**Brief:** From the first line to the last, restate the material word for word, omitting pictures.

**Data excerpt:**
★ ★ ★

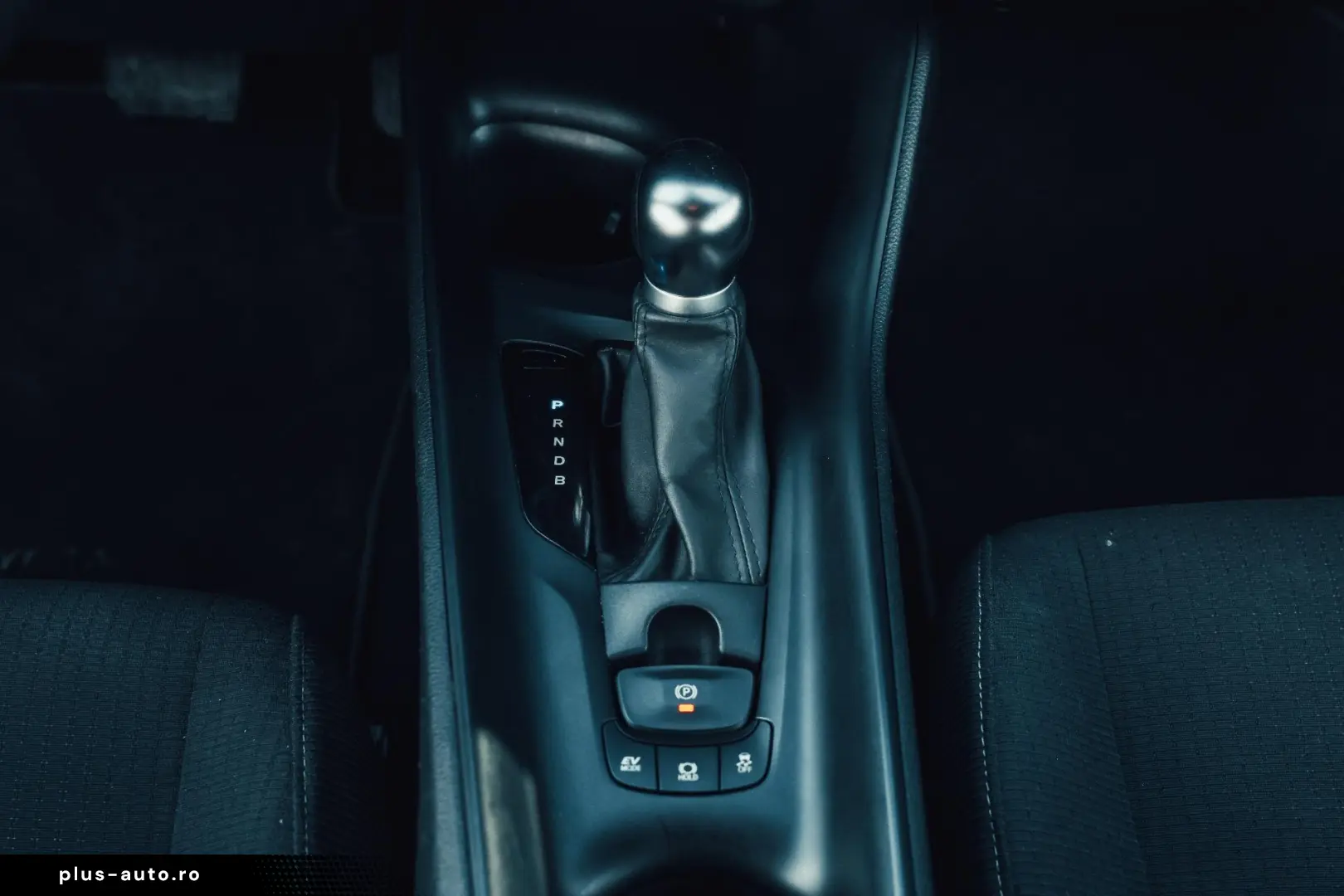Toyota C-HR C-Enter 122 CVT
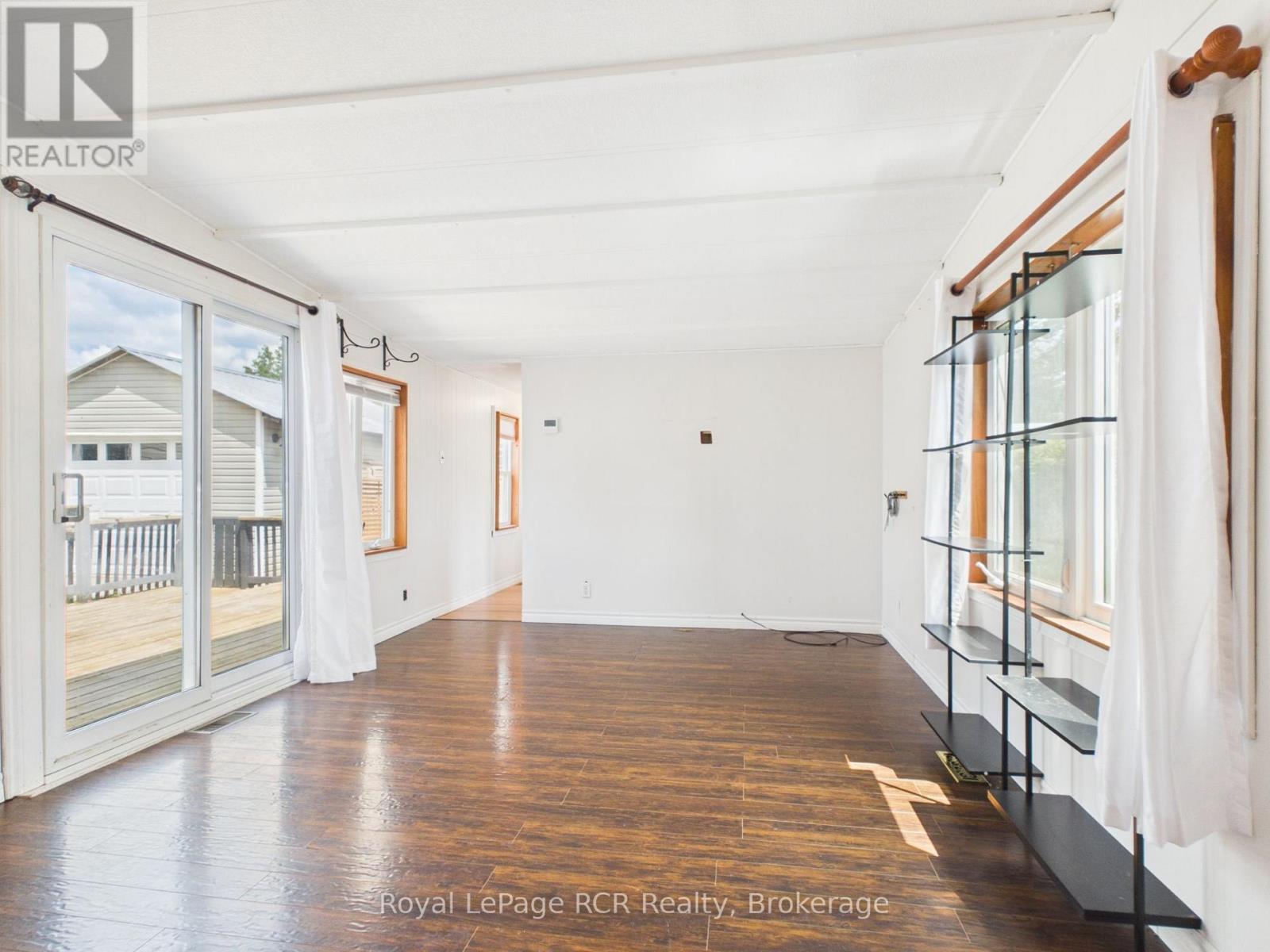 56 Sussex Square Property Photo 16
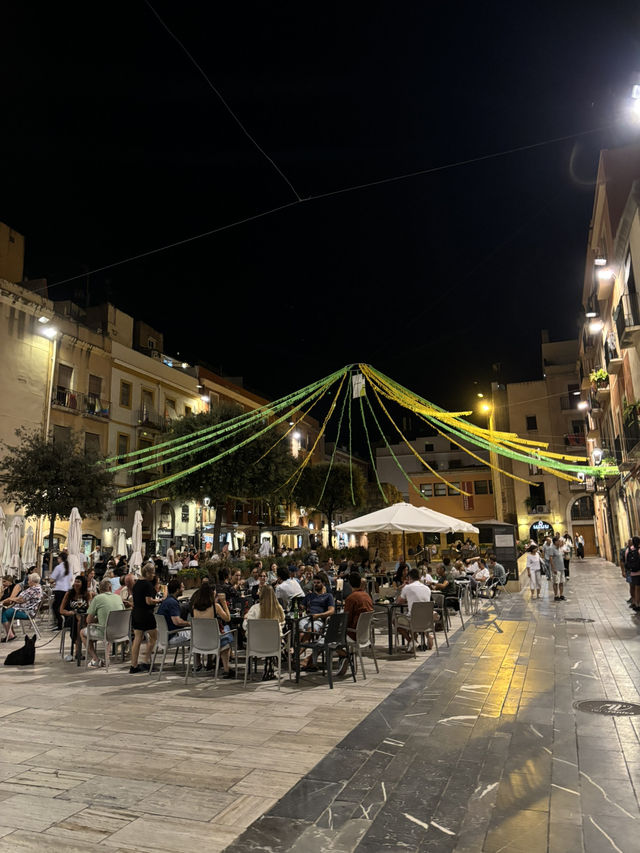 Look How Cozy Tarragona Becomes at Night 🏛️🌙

★ ★ ★

**Task answer:**
Toyota C-HR C-Enter 122 CVT
 56 Sussex Square Property Photo 16
 Look How Cozy Tarragona Becomes at Night 🏛️🌙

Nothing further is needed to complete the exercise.